Several months later, Taylor sent the DEA a letter claiming ownership of the automobile. Taylor attached a copy of the notice of seizure that the DEA had mailed to him at the correctional facility. When the DEA informed Taylor that his automobile had already been forfeited, Taylor filed this action challenging the forfeiture and seeking the return of his automobile.
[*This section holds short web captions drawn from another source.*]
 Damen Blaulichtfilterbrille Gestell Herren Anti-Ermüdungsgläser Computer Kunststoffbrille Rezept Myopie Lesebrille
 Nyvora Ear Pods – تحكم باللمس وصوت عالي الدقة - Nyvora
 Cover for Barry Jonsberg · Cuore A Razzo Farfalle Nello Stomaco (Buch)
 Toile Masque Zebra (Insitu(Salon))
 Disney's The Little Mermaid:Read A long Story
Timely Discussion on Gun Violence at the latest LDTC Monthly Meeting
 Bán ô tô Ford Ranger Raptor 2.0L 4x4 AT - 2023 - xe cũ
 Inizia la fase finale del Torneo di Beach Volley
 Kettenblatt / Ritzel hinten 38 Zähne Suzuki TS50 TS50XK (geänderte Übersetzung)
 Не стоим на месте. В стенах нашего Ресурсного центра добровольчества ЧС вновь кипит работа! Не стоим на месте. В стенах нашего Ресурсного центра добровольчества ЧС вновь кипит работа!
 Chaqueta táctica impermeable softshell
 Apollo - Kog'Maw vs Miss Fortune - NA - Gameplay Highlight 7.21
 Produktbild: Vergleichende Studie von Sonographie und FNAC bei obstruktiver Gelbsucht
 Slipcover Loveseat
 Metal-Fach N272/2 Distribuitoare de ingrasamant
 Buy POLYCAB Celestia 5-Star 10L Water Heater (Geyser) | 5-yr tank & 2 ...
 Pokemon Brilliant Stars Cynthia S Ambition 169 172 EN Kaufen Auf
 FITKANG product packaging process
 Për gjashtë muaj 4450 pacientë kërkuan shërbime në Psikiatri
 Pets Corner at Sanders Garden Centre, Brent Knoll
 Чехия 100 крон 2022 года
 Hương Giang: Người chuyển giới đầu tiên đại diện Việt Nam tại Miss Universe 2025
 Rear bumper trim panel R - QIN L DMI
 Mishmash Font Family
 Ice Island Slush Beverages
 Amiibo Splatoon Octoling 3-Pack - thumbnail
The district court dismissed the action for lack of jurisdiction because Taylor had failed to file a timely claim of ownership with the DEA.

On appeal, Taylor contends the untimely filing of his claim of ownership is not a jurisdictional bar to this action because the twenty-day filing period is not a statute of limitations, but rather, is a timeliness requirement subject to equitable tolling. Taylor thus contends his claim of ownership should be considered timely.

Accepting Taylor's contention at face value for the purpose of this appeal, we conclude Taylor cannot prevail. The district court specifically found the DEA had complied with the civil forfeiture requirements for the seizure of Taylor's automobile. See 21 C.F.R. § 1316.71-.81 (1991). Taylor does not contend the notice of seizure was substantively deficient or misleading, or that the DEA was involved in any sort of affirmative misconduct. See Baldwin County Welcome Ctr. v. Brown, 466 U.S. 147, 151 (1984) (per curiam) (courts may toll limitations period when plaintiff received inadequate notice or when affirmative misconduct by defendant lulled plaintiff into inaction); Harris v. Administrator, Veterans Admin., 924 F.2d 148, 150 (8th Cir. 1991). Although Taylor contends he did not actually receive the notice of seizure until the filing period had passed, Taylor does not dispute that the correctional facility actually received the notice. We thus conclude the DEA complied with its obligation to give adequate notice of the forfeiture.

There being no basis to impose equitable tolling against the DEA in this civil forfeiture action, we affirm.